David, what are your plans for re-dosing if any in the Phase 1 trial for 5001.

Yes. So we call that 5001 is an autologous program. So we really don't anticipate any issues with persistence in this program. So right now it is planned as a single dosing.

Thank you very much.

Okay. And I believe that there is time for one more questionnaire today that will be Debjit Chattopadhyay with Guggenheim. Please go ahead.

Hi, this is Ry Forseth on for Debjit. Two quick questions, what's the anticipated capacity utilization when the GMP facility comes online in 2024. And secondly, for 3001, what's the consequence of knocking into albumin gene on tissue albumin levels and circulating albumin levels?

Well, I'll do the 3001 first in the preclinical work which we've done. We've had a de minimis effect on albumin. What we're not doing is knocking into every single albumin locus. That's something we've watched very, very carefully. And one of the virtues of the albumin locus is that it's probably the most highly expressed gene in the body. And so you get a lot of drive of the gene that you introduce there, so you can accomplish exactly what you need, at least in non-human primates, high levels of circulating protein that achieves the same levels of protein that humans produce while still preserving normal function of the albumin locus. So we think that that's an ideal place to drop in that particular insertion. With respect to the GMP facility, we're not in a position yet to talk about capacity and utilization down the road. I'll say that's we're really excited about the resource. It's a substantial facility that it's 140,000 square feet. If you think about that, and judge some of the other facilities that you see in our space, you realize that is a substantial commitment on our part. And we think it's going to put us in an excellent position to carry out not only what we're working on, but it supports some of those collaborations as appropriate as we go forward and provide a really important resource to our increasing research efforts as well. So it's just something that we're all excited about and as you know, our work proceeds, I'm sure we'll be in a position to tell you a little bit more about our plans for that facility. So thanks for watching and we appreciate that.

Thank you.

This concludes our question-and-answer session. I would like to turn the conference back over to Ian Karp for any closing remarks.
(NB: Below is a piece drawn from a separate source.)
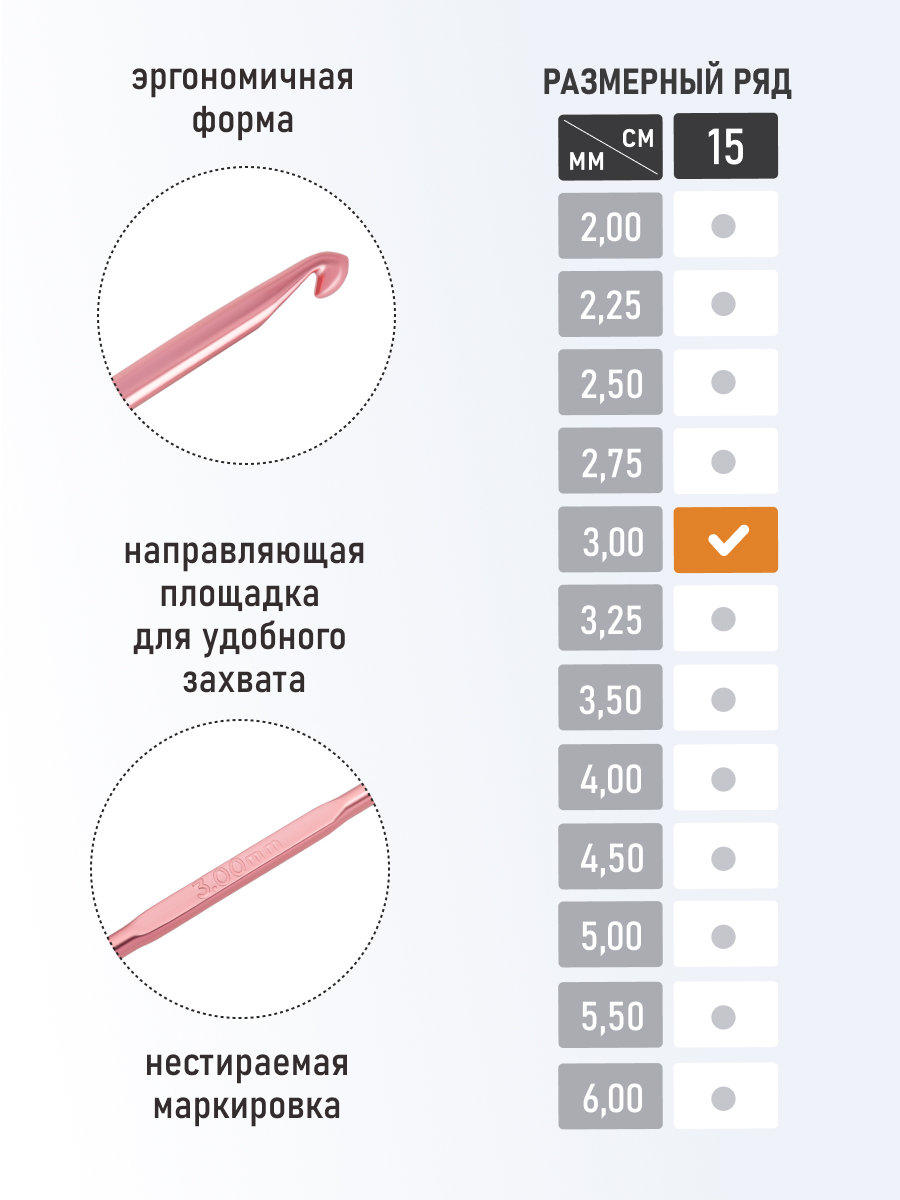 Крючок для вязания Pony алюминиевый с гладкой поверхностью COLOUR 3 мм 15 см 44705 - фото 2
Great. Thanks so much. And thanks everyone for joining us today and for your continued interest and support in Intellia, we look forward to updating you on the progress, and we hope to see many, if not, all of you at our NTLA 2021 Investor Event, which is next week on February 28 at 4:30 PM Eastern Time. So see you then and have a great day.

The conference has now concluded. Thank you for attending today's presentation. You may now disconnect.